2. Phantom Thread (dir. Paul Thomas Anderson)
What It’s About: A couture designer (Daniel Day-Lewis) in 1950s London finds his meticulous habits and life upended when he begins a relationship with a young woman (Vicky Krieps) who refuses to be a pliant muse.
Why It’s Good: Paul Thomas Anderson’s foray into haute couture and 1950s London is the most beguiling film of the year, one that tricks you into assuming generic familiarity only to gobsmack you with how bizarre elements of it and its central relationship are. Combining the manners of a Merchant-Ivory picture with the thematic obsessions of Alfred Hitchcock’s Rebecca and Vertigo, Anderson weaves a delicate pattern of artistic and romantic obsession, one that illuminates the power struggles at play in romantic relationships as well as the meticulous rigour required for great art. It’s an exceptional work of analog filmmaking with the splendid duo of Daniel Day-Lewis and Vicky Krieps at its centre. It’s also a shockingly enjoyable picture, with a deep well of black humour and sensual texture that keeps it eminently watchable even in its strangest moments.
3. Blade Runner 2049 (dir. Denis Villeneuve)
What It’s About: A replicant Blade Runner (Ryan Gosling) gets involved in a conspiracy involving a replicant child and a former Blade Runner (Harrison Ford) who has been in hiding for decades.
Why It’s Good: Oh how this film could’ve gone awry. Instead of trying to recreate the hypnotic art film beats of Ridley Scott’s science-fiction classic, French-Canadian auteur Denis Villeneuve expands the world in daring and visually audacious ways that achieve a similar brilliance without being a mere replication of what came before. Blade Runner 2049 weaves a Pinocchio-like tale about the quest to become human with a rumination on faith and how salvation is achieved in a broken world. It’s utterly brilliant as a visual work, with Roger Deakins’ neon-infused frames bringing to life one of the most stunning worlds ever put on screen. But it’s also overwhelmingly powerful in its exploration of what makes people human and how we assign meaning to our own lives. Like the best novels of Philip K. Dick, Blade Runner 2049 uses science-fiction to get at the heart of our own realities and our ways of engaging with the world around us.

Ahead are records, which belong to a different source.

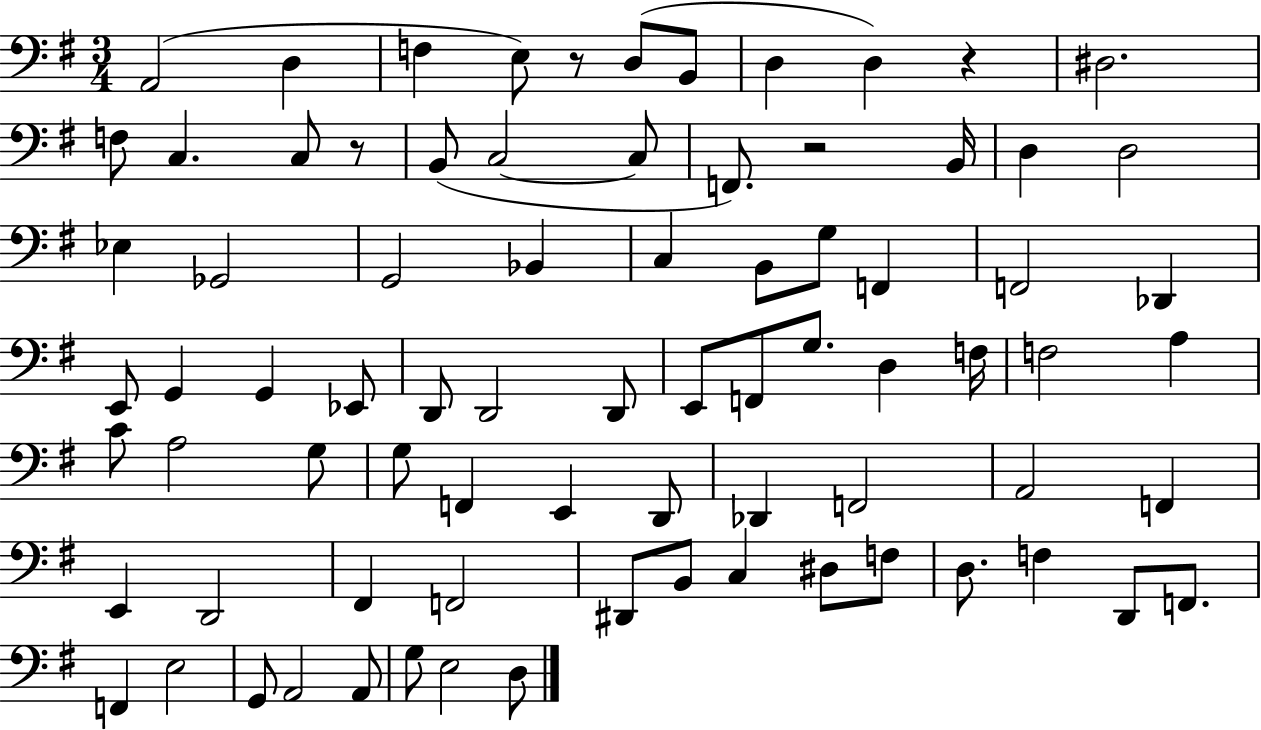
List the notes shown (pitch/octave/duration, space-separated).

A2/h D3/q F3/q E3/e R/e D3/e B2/e D3/q D3/q R/q D#3/h. F3/e C3/q. C3/e R/e B2/e C3/h C3/e F2/e. R/h B2/s D3/q D3/h Eb3/q Gb2/h G2/h Bb2/q C3/q B2/e G3/e F2/q F2/h Db2/q E2/e G2/q G2/q Eb2/e D2/e D2/h D2/e E2/e F2/e G3/e. D3/q F3/s F3/h A3/q C4/e A3/h G3/e G3/e F2/q E2/q D2/e Db2/q F2/h A2/h F2/q E2/q D2/h F#2/q F2/h D#2/e B2/e C3/q D#3/e F3/e D3/e. F3/q D2/e F2/e. F2/q E3/h G2/e A2/h A2/e G3/e E3/h D3/e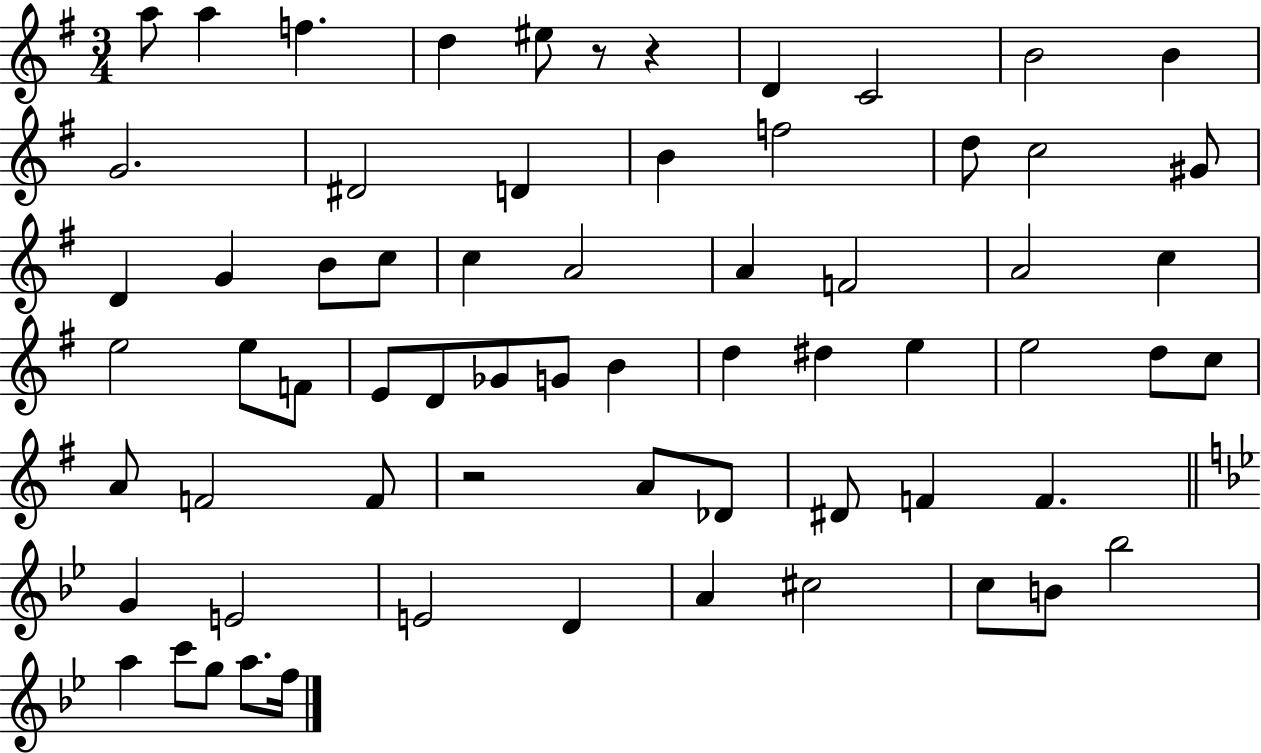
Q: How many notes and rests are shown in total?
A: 66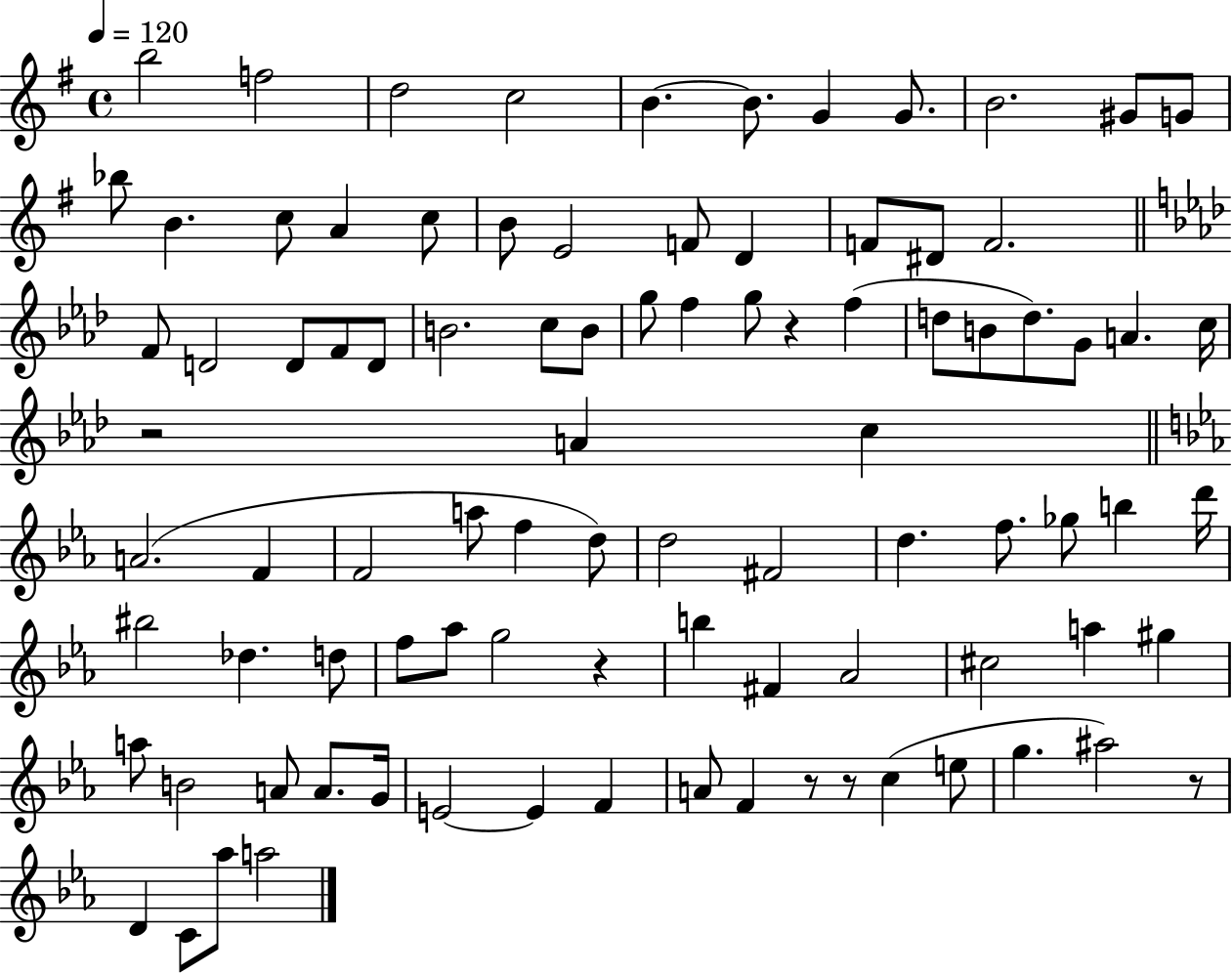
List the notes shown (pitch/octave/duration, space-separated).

B5/h F5/h D5/h C5/h B4/q. B4/e. G4/q G4/e. B4/h. G#4/e G4/e Bb5/e B4/q. C5/e A4/q C5/e B4/e E4/h F4/e D4/q F4/e D#4/e F4/h. F4/e D4/h D4/e F4/e D4/e B4/h. C5/e B4/e G5/e F5/q G5/e R/q F5/q D5/e B4/e D5/e. G4/e A4/q. C5/s R/h A4/q C5/q A4/h. F4/q F4/h A5/e F5/q D5/e D5/h F#4/h D5/q. F5/e. Gb5/e B5/q D6/s BIS5/h Db5/q. D5/e F5/e Ab5/e G5/h R/q B5/q F#4/q Ab4/h C#5/h A5/q G#5/q A5/e B4/h A4/e A4/e. G4/s E4/h E4/q F4/q A4/e F4/q R/e R/e C5/q E5/e G5/q. A#5/h R/e D4/q C4/e Ab5/e A5/h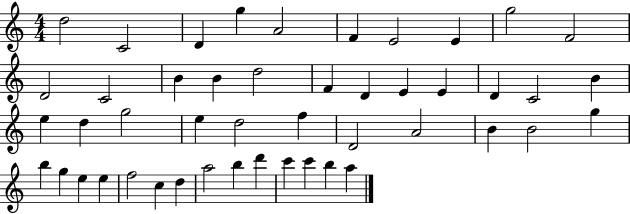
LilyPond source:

{
  \clef treble
  \numericTimeSignature
  \time 4/4
  \key c \major
  d''2 c'2 | d'4 g''4 a'2 | f'4 e'2 e'4 | g''2 f'2 | \break d'2 c'2 | b'4 b'4 d''2 | f'4 d'4 e'4 e'4 | d'4 c'2 b'4 | \break e''4 d''4 g''2 | e''4 d''2 f''4 | d'2 a'2 | b'4 b'2 g''4 | \break b''4 g''4 e''4 e''4 | f''2 c''4 d''4 | a''2 b''4 d'''4 | c'''4 c'''4 b''4 a''4 | \break \bar "|."
}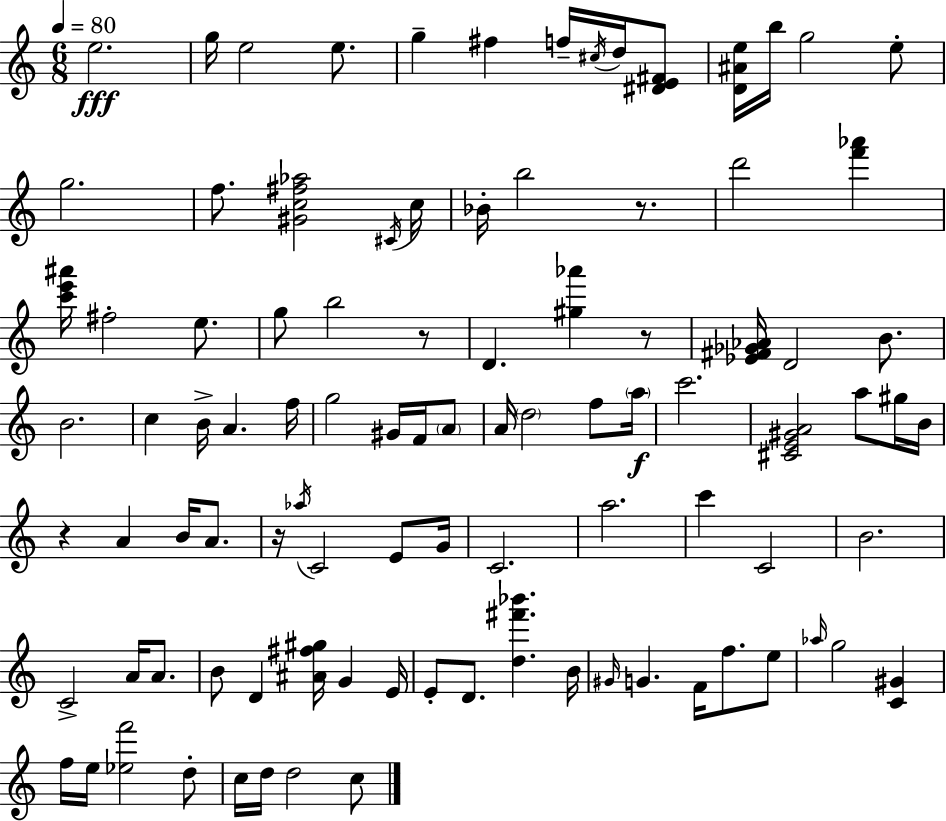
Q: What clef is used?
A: treble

4. T2 Trainspotting (dir. Danny Boyle)
What It’s About: 21 years after fleeing to Amsterdam, Mark Renton (Ewan McGregor) returns to Edinburgh and re-inserts himself into the lives of Sick Boy (Jonny Lee Miller), Spud (Ewen Bremner), and an incarcerated Begbie (Robert Carlyle).
Why It’s Good: This is another long-awaited sequel that outperformed all expectations. Instead of being a thoroughly unnecessary film that no one asked for, T2 Trainspotting manages to be the most essential exploration of nostalgia in recent years—one that has been bafflingly overlooked by critical circles. Instead of wallowing in the glories of the past, Danny Boyle and company weaponize the characters’ (and the viewer’s) nostalgia for the events of the original film, forcing them, and us, to reflect on the ravages of time and the human inability to escape past aspirations and misdeeds. It uses brilliant editing techniques and the energy of pop-art cinema to demonstrate the undeniable truth of Faulkner’s famous adage—”The past isn’t dead. It isn’t even past.”
5. After the Storm (dir. Hirokazu Kore-eda)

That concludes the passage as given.